“There’s no need to worry” was the message that Riad Salameh, the governor of Lebanon’s central bank Banque Du Liban, famously delivered to the Lebanese people when hints that Lebanon was heading into a financial crisis became too obvious not to address.
Salameh meant to reassure the Lebanese traders and citizens, who were beginning to feel the danger lurking around their businesses as the value of one US dollar became equivalent to that of 1,800 Lebanese pounds in the black market, that all was fine and the Lira healthy as ever.
A little less than three months later, today, a single dollar bill is equal to more than 2,000 LBP in the market, and the latest clues and analysis reports predict a continued decline in that value, which will expectedly reach up to 3,000 LBP soon.
Moreover, a few days ago, a reporter asked the same governor of the central bank about his personal prediction regarding the current financial situation and the state of the Lebanese pound, and his infamous response was simply: “No one knows.”
Not an answer anyone would want to hear coming from the one man who’s supposed to know the most in the country’s financial scene. So now that the Lebanese currency is officially in danger, what is the central bank doing about it?

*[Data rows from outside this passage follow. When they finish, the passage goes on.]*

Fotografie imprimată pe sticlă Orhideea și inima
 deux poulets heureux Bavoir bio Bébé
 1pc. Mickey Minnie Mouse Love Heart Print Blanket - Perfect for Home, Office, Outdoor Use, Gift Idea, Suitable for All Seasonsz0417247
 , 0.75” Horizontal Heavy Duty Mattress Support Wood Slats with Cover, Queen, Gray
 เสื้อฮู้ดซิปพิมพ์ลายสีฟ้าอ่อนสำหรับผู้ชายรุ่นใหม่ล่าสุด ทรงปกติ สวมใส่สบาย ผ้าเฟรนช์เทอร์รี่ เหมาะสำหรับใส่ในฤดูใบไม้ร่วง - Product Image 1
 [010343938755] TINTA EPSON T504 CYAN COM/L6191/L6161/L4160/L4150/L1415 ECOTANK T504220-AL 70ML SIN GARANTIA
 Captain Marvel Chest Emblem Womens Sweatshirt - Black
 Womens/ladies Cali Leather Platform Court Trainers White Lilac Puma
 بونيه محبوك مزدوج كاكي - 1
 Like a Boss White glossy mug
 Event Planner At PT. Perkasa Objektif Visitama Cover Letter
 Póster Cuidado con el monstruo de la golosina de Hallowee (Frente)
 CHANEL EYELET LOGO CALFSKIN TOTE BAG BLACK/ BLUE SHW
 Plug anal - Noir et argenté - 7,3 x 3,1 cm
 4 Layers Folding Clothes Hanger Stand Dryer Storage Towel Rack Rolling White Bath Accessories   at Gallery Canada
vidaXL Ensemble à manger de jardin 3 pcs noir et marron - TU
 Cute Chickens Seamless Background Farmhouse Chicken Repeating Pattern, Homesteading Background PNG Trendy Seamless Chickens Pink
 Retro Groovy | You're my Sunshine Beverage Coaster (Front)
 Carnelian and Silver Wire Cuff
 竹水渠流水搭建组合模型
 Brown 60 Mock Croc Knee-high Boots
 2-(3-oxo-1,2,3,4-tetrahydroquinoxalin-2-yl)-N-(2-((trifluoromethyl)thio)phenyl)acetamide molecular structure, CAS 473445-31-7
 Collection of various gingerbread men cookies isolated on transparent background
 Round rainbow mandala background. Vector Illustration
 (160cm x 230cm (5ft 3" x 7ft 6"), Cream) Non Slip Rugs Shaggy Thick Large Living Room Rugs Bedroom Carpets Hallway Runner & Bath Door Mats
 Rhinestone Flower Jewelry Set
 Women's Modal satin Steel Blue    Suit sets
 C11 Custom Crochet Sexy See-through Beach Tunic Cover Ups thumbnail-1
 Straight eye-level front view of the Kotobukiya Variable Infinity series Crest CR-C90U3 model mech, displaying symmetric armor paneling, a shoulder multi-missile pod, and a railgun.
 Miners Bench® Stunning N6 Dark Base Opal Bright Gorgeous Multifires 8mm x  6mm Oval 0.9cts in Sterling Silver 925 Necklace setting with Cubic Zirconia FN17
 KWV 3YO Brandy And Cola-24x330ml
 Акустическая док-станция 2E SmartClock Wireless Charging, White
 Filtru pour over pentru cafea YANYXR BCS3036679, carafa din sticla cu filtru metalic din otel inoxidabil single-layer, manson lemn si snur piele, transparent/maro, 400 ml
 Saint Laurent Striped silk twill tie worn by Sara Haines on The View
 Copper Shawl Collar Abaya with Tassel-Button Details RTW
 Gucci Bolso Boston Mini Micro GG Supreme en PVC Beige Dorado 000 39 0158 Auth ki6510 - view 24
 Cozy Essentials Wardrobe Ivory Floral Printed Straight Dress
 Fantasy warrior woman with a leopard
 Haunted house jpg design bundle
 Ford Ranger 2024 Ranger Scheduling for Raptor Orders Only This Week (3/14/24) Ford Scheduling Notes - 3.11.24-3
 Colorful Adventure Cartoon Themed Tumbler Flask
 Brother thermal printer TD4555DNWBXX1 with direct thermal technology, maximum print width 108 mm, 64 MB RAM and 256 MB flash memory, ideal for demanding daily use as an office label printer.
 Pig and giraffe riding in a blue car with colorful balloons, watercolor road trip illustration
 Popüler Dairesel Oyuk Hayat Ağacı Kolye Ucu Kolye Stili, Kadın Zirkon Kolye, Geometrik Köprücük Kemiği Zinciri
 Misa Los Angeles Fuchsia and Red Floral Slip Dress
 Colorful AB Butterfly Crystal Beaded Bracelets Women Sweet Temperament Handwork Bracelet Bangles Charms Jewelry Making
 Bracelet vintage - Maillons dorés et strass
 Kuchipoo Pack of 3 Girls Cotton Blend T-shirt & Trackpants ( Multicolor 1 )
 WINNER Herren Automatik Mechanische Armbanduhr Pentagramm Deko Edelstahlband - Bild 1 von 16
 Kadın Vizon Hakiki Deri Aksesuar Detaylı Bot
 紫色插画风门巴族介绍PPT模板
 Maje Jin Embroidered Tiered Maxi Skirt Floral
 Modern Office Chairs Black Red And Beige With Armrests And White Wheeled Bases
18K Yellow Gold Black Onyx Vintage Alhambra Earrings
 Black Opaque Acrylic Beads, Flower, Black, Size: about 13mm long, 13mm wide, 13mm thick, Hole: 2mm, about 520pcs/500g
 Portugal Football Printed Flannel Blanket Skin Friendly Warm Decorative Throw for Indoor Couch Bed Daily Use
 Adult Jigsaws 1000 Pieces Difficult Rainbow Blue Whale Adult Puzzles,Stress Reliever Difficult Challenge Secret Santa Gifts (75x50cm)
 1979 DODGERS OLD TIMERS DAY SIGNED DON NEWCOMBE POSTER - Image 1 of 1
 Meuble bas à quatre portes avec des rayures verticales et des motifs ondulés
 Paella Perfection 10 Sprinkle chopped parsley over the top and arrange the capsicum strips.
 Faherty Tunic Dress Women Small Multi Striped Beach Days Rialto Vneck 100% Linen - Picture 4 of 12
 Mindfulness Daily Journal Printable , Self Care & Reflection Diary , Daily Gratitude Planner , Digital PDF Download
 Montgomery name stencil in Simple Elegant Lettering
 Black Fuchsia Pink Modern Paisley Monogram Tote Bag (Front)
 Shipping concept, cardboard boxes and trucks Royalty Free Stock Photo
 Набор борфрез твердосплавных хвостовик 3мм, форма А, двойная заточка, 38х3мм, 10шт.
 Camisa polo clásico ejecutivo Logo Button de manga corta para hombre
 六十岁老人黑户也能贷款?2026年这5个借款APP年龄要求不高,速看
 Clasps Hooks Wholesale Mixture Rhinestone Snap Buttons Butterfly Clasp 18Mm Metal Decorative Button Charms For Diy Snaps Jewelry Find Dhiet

Printing more Lebanese currency; 13 trillion Lebanese pounds in 50 and 100 thousand bills to be precise. In weight, that is equal to 9 tonnes of paper money.
It might sound like an appealing action: to print more and more cash and let it flow into the Lebanese market. However, printing more money is not the answer to the critical situation, it actually has an even more detrimental effect on the economy and the citizens.
According to Lebanese Economist Dr. Elie Yachoui, as per the law, the central bank has the right to print the currency in three cases: The first case is when its reserves of gold and foreign currencies increase, which is the opposite of the reality of the situation today.
The second case is when the debt ratios of commercial banks rise, and the third case is when deficits of the public treasury grow and it becomes urgent to cover them.
And since the first case is not applicable, this means that the central bank is not printing money as a result of an increase in gold and foreign currency reserves, but to cover the debts of banks and the treasury.
The expert economist said: “The basis of the printing process was saving the state from bankruptcy, but the solution to the liquidity crisis in the treasury came at the expense of the Lira, and everyone who gets their salary in the local currency, be it in the private or the public sector.”
Furthermore, printing more Lebanese pounds when the reserves of foreign currencies (especially the US dollar) are depleting by the day, in turn, means that the value of the pound will continue to drop in the face of these currencies.
As expected, Lebanese people will be the most harmed by this drop because it will directly impact the local market, and prices will soar as a result.
Dr. Yachoui explained, “Most probably, the [exchange rate] will reach 3,000 Liras, and this is a scientific issue, not an issue of astrology or [fortune reading] because the Bank of Lebanon does not have the ability to cover the value of the Lira.”